Nvidia is looking for a Test Development Engineer to validate our GPU Communications Libraries and build robust automation frameworks. You will join a diverse, supportive environment where everyone is inspired to do their best work.
What You'll Do
- Run test cases to validate NVIDIA GPU Communications Libraries (NCCL, NVSHMEM, UCX, GDRCopy, GPUDirect RDMA).
- Automate test cases and maintain the automation scripts.
- Collaborate with Developer, PM, marketing, and engineering teams on crafting test plans and implementing validation.
- Assist in the architecture, crafting and implementing of SWQA test frameworks.
- Be responsible for code coverage improvement and code complexity optimization.
What We're Looking For
- BS or higher degree in CS, EE, CE or equivalent experience.
- 5+ years of relevant experience.
- Seasoned software QA or software testing background; test infrastructure and strong analysis skills.
- Proficient in scripting language (Python, Perl, bash).
- Solid experience with AI development tools for test development and automation.
- Knowledge of basic networking concepts.
- UNIX/Linux experience is required.
- Experience in C/C++ is required.
- Ability to work independently and leadership skills as well as experience in using a quality mindset to drive improvements.

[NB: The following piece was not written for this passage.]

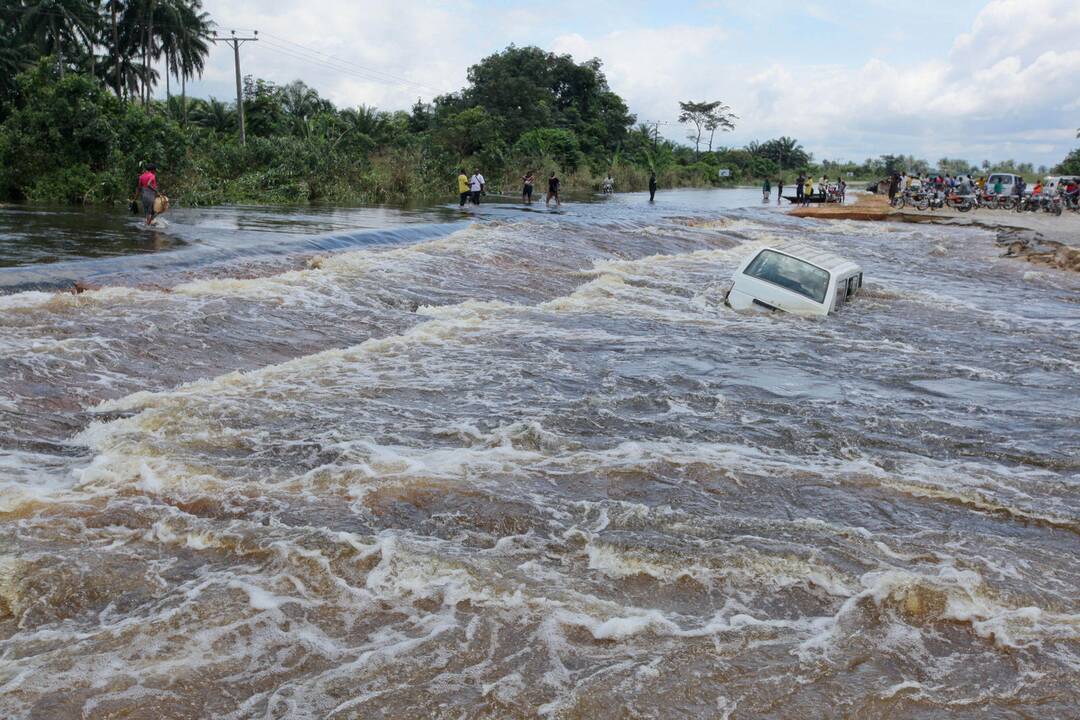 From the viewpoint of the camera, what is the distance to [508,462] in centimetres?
636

- Proficient oral and written English.
Nice to Have
- Experience with CUDA programming and NVIDIA GPUs.
- Knowledge of high-performance networks like InfiniBand, RoCE.

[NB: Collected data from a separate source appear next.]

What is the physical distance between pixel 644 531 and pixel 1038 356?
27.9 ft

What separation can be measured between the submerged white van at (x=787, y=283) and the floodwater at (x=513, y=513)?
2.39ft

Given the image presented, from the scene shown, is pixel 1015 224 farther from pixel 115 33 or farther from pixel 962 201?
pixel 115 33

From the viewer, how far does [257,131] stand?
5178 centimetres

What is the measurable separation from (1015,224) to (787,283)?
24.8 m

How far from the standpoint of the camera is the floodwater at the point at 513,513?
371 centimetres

- Experience with CSPs (AWS, Google Cloud, Oracle Cloud Infrastructure, Microsoft Azure), and HPC cluster, slurm, ansible.

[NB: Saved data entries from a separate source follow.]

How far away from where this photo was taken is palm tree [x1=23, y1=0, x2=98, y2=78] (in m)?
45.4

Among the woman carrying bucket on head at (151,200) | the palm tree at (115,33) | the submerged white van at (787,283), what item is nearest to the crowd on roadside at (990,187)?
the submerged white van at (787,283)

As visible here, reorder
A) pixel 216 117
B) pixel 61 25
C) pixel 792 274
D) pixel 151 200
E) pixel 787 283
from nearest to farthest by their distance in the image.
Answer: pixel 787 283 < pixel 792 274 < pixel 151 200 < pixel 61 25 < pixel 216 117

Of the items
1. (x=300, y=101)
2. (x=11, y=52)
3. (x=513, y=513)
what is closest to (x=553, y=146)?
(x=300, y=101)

- Prior experience with virtualization technologies (KVM, HyperV, VMWARE, OpenStack, Docker, Kubernetes).
- Experience with Deep Learning Frameworks such as PyTorch, TensorFlow.
Technical Stack
- Scripting & Languages: Python, Perl, bash, C/C++
- Platforms & Tools: UNIX/Linux, AI development tools, CUDA, NVIDIA GPUs
- Networking: InfiniBand, RoCE
- Cloud & Infrastructure: AWS, Google Cloud, Oracle Cloud Infrastructure, Microsoft Azure, slurm, ansible
- Virtualization: KVM, HyperV, VMWARE, OpenStack, Docker, Kubernetes
- Frameworks: PyTorch, TensorFlow
Work Mode
This role follows a hybrid work model.
Nvidia is an equal opportunity employer.